Mittlerweile gilt der personelle Notstand auf See als »tickende Zeitbombe«. Die aktuellen Einschränkungen seien nicht nur mit Blick auf die Gesundheit und Rechte der Seeleute inakzeptabel, sondern bedrohten auch die Lieferketten auf See, heißt es von führenden Reedereien, Schiffsmanagern und Hafenagenturen. Dabei falle der Schifffahrt gerade in Corona-Zeiten eine Schlüsselrolle beim Transport lebenswichtiger Güter, etwa von Nahrungsmitteln, Medikamenten, medizinischer Ausrüstung oder Schutzkleidung zu.
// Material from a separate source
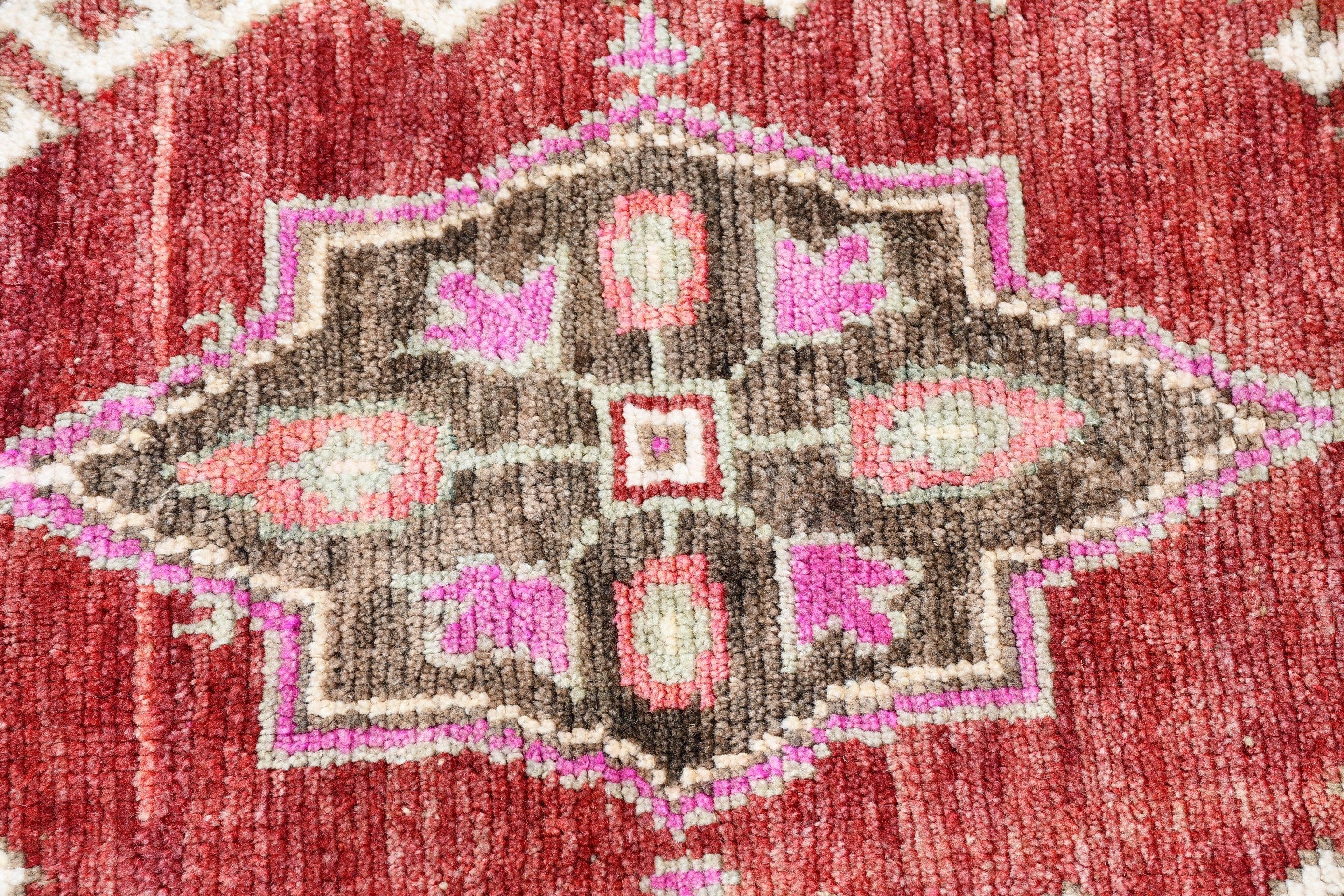 Moroccan Rugs, Home Decor Rugs, Bedroom Rug, Turkish Rugs, 3.9x6.1 ft Accent Rug, Entry Rug, Vintage Rugs, Red Anatolian Rug, Abstract Rugs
Diese Rolle müsse von politischer Seite anerkannt werden, fordert die Branche in einer Erklärung.

Dem Bündnis gehören aus Deutschland die Reederei Nord und Columbia Ship Management (CSM) sowie internationale Schwergewichte wie D/S Norden, Grieg Star, Dynacom, V.Group, Wilhelmsen Ships Service, Pacific Carriers Limited (PCL), Magsaysay, Augustea, Inchcape Shipping Services und die Synergy Group an. Gemeinsam vertreten diese Unternehmen mehr als 1.500 Schiffe und mehr als 70.000 Seeleute.

Kalkuliertes Risiko

Das Bündnis hat ein Konzept für eine detaillierte Risikobewertung und die nötigen Corona-Tests entwickelt, um eine Infektionsgefahr bei anstehenden Crew-Wechseln zu minimieren. Benötigt würden aber Sofortmaßnahmen und klare Reiseregelungen für Seeleute von Seiten der internationalen Staatengemeinschaft, um die Stresssituation an Bord schnellstmöglich zu beenden.
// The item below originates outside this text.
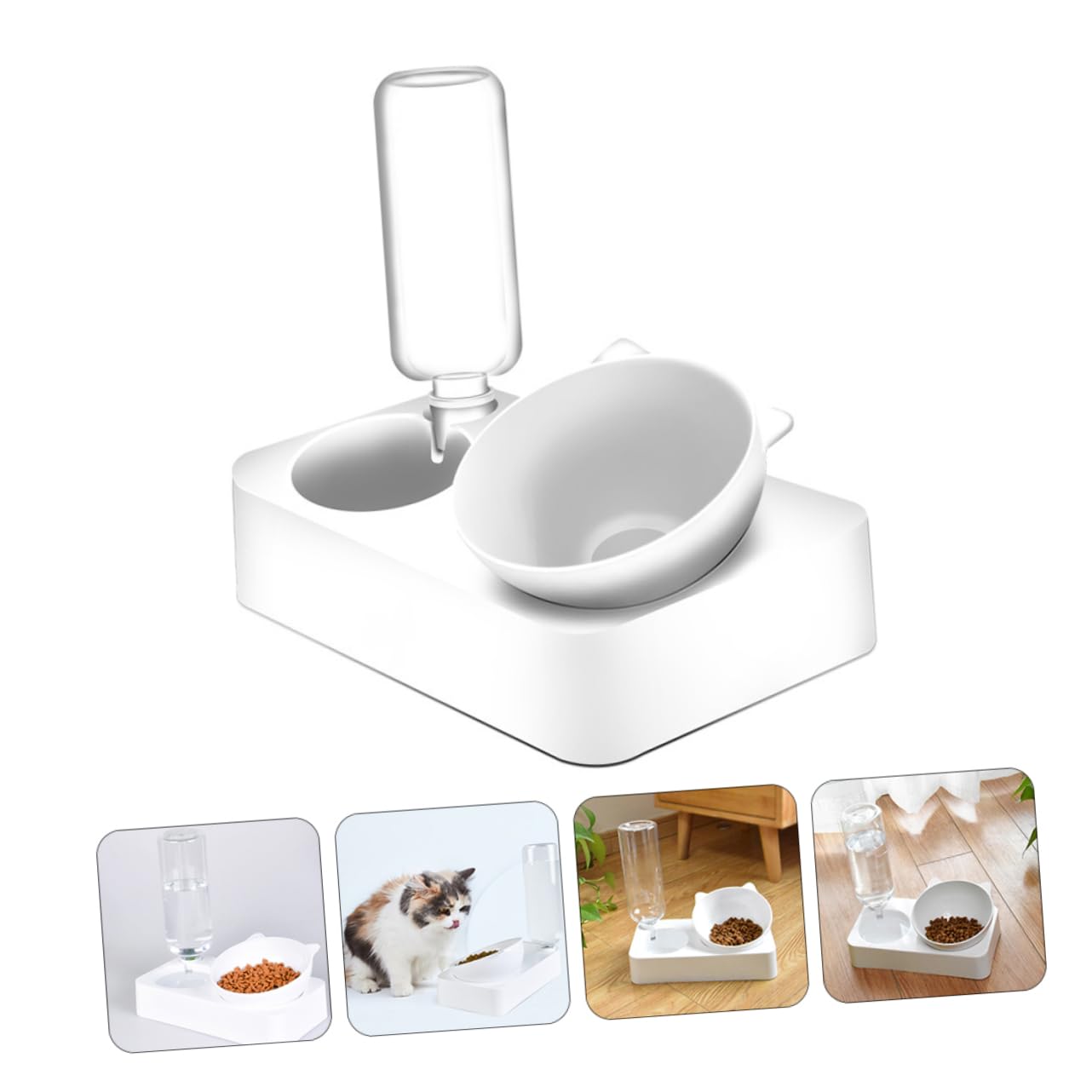 DOITOOL 1pezzi Ciotola per Gatti Design Anti-ingozzamento Utile Contenitore per Cibo e Acqua Mangiatoia Sicura per Animali Domestici Superficie Liscia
Im Kern sieht der Plan vor, dass kollektive Besatzungswechsel in mehreren Häfen in der Nähe zu internationalen Flughäfen möglich gemacht werden. Konkret werden Singapur, Houston, Rotterdam, Gibraltar, Jebel Ali, Fujairah, Hongkong und Shanghai genannt. Auch der internationale Reederverband ICS und die Transportarbeitergewerkschaft ITF stützen den Angaben zufolge diesen Vorstoß.

Die Schiffsmanger sichern zu, die Reisen ihrer Seeleute in Eigenregie und unter Beachtung der geltenden Bestimmungen zu organisieren. Von den staatlichen Behörden müssten dann aber der Zugang zu Flughäfen und zu den Flügen gewährt und die benötigten Einreisegenehmigungen erteilt werden. Gefordert seien jetzt wirksame Maßnahmen aller Hafenstaaten und deren Regierungen.
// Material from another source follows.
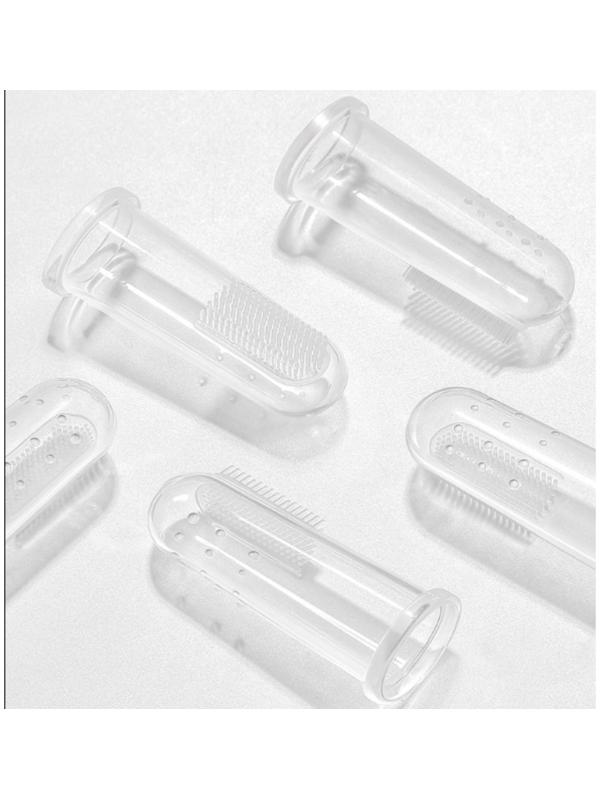 Детская зубная щетка, прорезыватель - массажер, силиконовая, на палец от 3 мес.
Auch die europäischen Seehäfen, die in der ESPO (»European Sea Ports Organisation«) und der FEPORT (»Federation of European Private Port Operators«) zusammengeschlossen sind, fordern Nachbesserungen. Denn auch die EU will bislang den Crew-Wechsel auf einige Haupthäfen beschränken. Staddessen müssten Reisen über Landesgrenzen erleichtert und der Zugang zu allen Häfen gewährt werden, um Lieferketten nicht zusätzlich zu belasten. »Weder technisch noch wirtschaftlich ist es sinnvoll, einen Erzfrachter zu einem Fährhafen umzuleiten.« Wenn ein bestimmter Hafen geeignet sei, dann seien es auch andere, heißt es.